House of Saud’s Power Struggle Could Turn Bloody
Over the coming months, the current power struggle within the House of Saud may develop into a bloody affair. For a long time Al-Saud boasted that unlike previous emirates and sheikhdoms that had previously ruled Arabia, they avoided bloody power struggles among themselves. The situation now seems to be different.
In 2007, the Al-Saud invented a 34-member royal committee of allegiance to sort out the delicate balance of power between the princes and elect a king by consensus. But the committee is now a relic from the past. If ever it had a role, it was a rubber stamp invoked to cast a veneer of consensus on royal decrees.

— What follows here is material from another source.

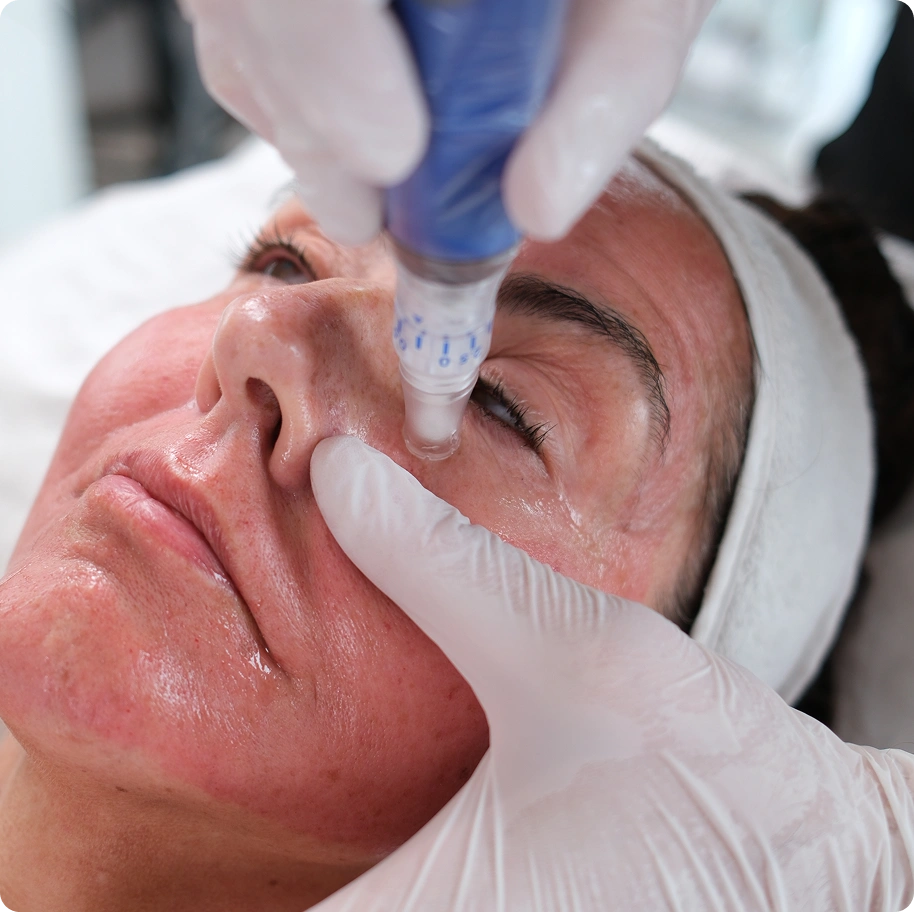 SkinPen Device Procedure-Hornchurch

The prospect of future bloody royal battles is aggravated by the drive to move the Saudi succession from horizontal to vertical lines
Of course, this persistent official narrative about the loving consensual royalty masked reality. Palace intrigues that are often an integral part of the Al-Saud cult occasionally erupted and became public knowledge.
The Al-Saud cult
Historically, those over-ambitious princes, who wanted to rock the royal boat when they felt marginalised or wanted to jump the queue, travelled to distant locations to escape the wrath of the cult elders. For example, Prince Talal bin Abdulaziz escaped to Beirut and Cairo in the early 60s to challenge royal elders, under the pretext of calling for a constitutional monarchy.
He was later pardoned and accepted money as compensation for zero power. In the same decade, Prince Khalid bin Musaid challenged King Faisal over the introduction of television and may have had political ambitions at the time. He was less lucky as he was shot dead.
Like all cults, the Al-Saud cult is founded on secrecy, rules fixed in stone and, obviously, total obedience. It expects its full members in addition to its followers to unquestionably believe in it, never criticise its seniors or release its intimate intrigues to outsiders.
In the current phantasmagoria of Mohammed bin Salman, the elimination of royalty is currently by imprisonment and banishment to known and unknown locations
Obedience to the sacrosanct cult founder bin Saud and a handful of his most powerful descendants is a prerequisite for membership in the wide circle of obedient followers, namely Saudi subjects. But today, the cult leader seems to be a mere 32-year-old prince who is desperate to become king as soon as possible and at all cost.
The Al-Saud cult is now showing big cracks under the iron fist and erratic policies of Crown Prince Mohammed bin Salman vis-a-vis his cousins and distant relatives.
The prince left no doubt that a serious power struggle is under way not only in the corridors of the Ritz-Carlton- since 4 November, the most famous inmate is now tycoon Walid bin Talal among others- but more recently in the dungeon of the infamous Al-Hayer prison where thousands of Saudis are usually incarcerated indefinitely without fair trials.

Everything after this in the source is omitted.